#### Exercise prompt
Your copy should match the records below word for word and contain no pictures.

** Provided data follows **

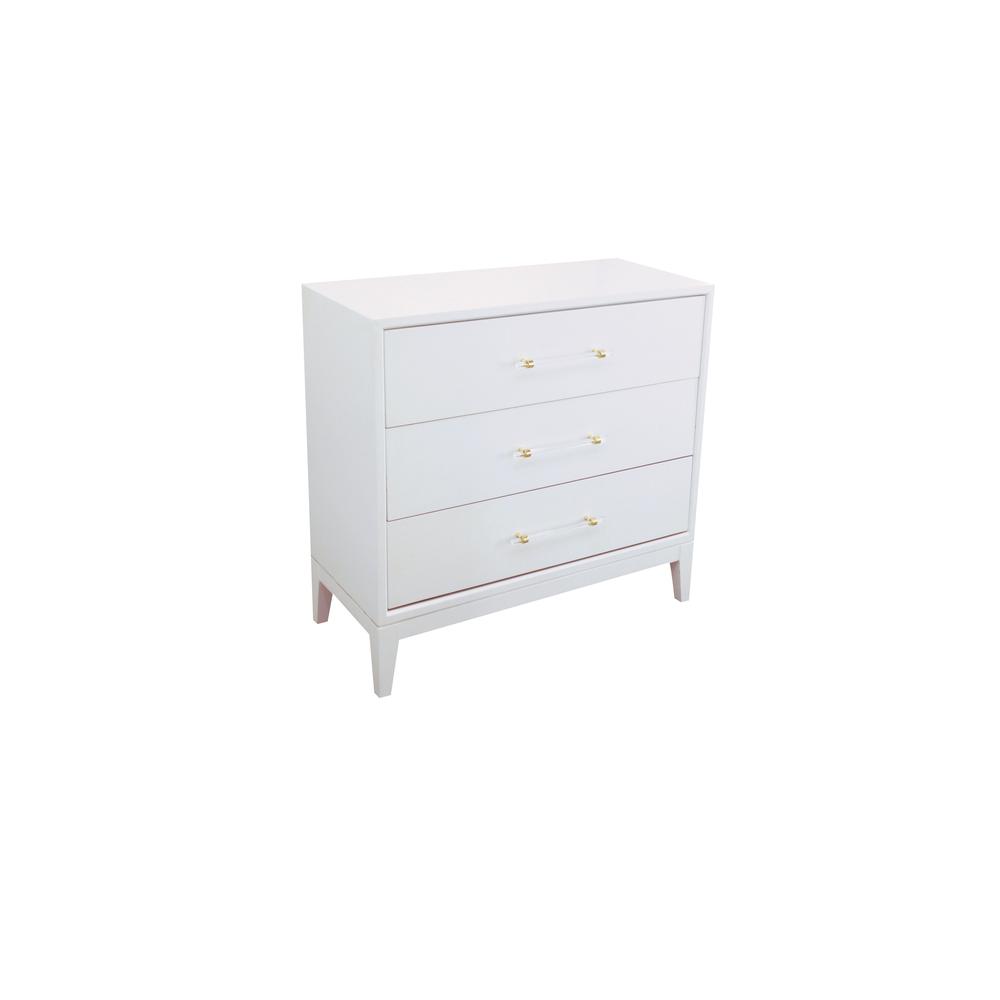 Best Master Furniture Orbis 36" Modern Wood Hall Chest in White Lacquer. Picture 1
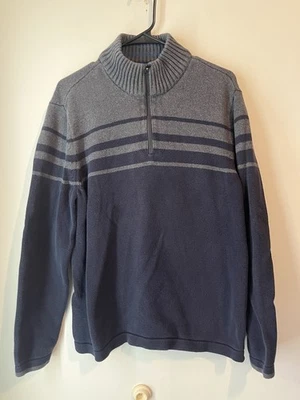 Suéter Pullover Eddie Bauer Para Hombre Grande Cuarto Cremallera Algodón Azul Marino/Gris Foto 1 de 4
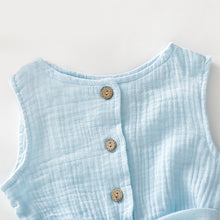 Load image into Gallery viewer, Blue and apricot short sleeve rompers
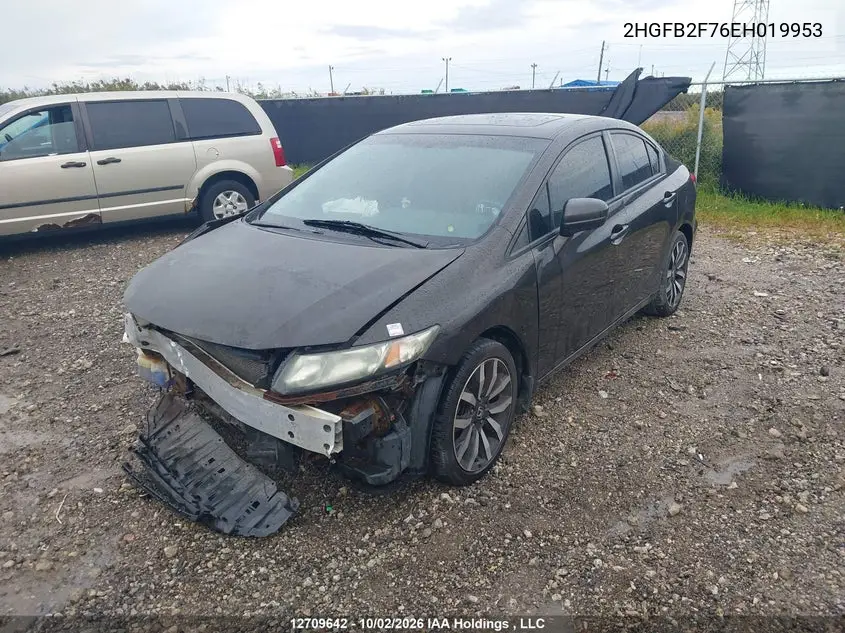 2014 HONDA CIVIC VIN 2HGFB2F76EH019953 — фото 2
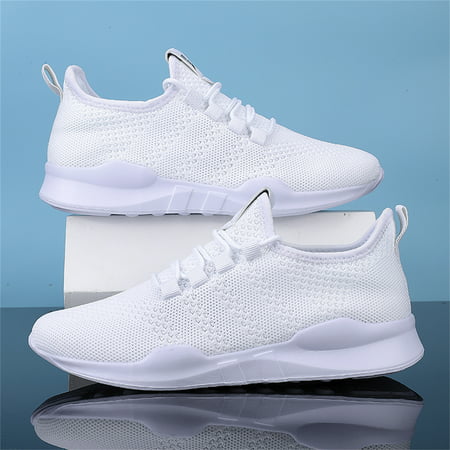 BUBUDENG Athletic Shoes for Men Lightweight Mesh Running Shoes Comfy Walking Workout Sneakers for Men Cross Trainers, White, 10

** End of Provided data **

#### Answer space
 Best Master Furniture Orbis 36" Modern Wood Hall Chest in White Lacquer. Picture 1
 Suéter Pullover Eddie Bauer Para Hombre Grande Cuarto Cremallera Algodón Azul Marino/Gris Foto 1 de 4
 Load image into Gallery viewer, Blue and apricot short sleeve rompers
 2014 HONDA CIVIC VIN 2HGFB2F76EH019953 — фото 2
 BUBUDENG Athletic Shoes for Men Lightweight Mesh Running Shoes Comfy Walking Workout Sneakers for Men Cross Trainers, White, 10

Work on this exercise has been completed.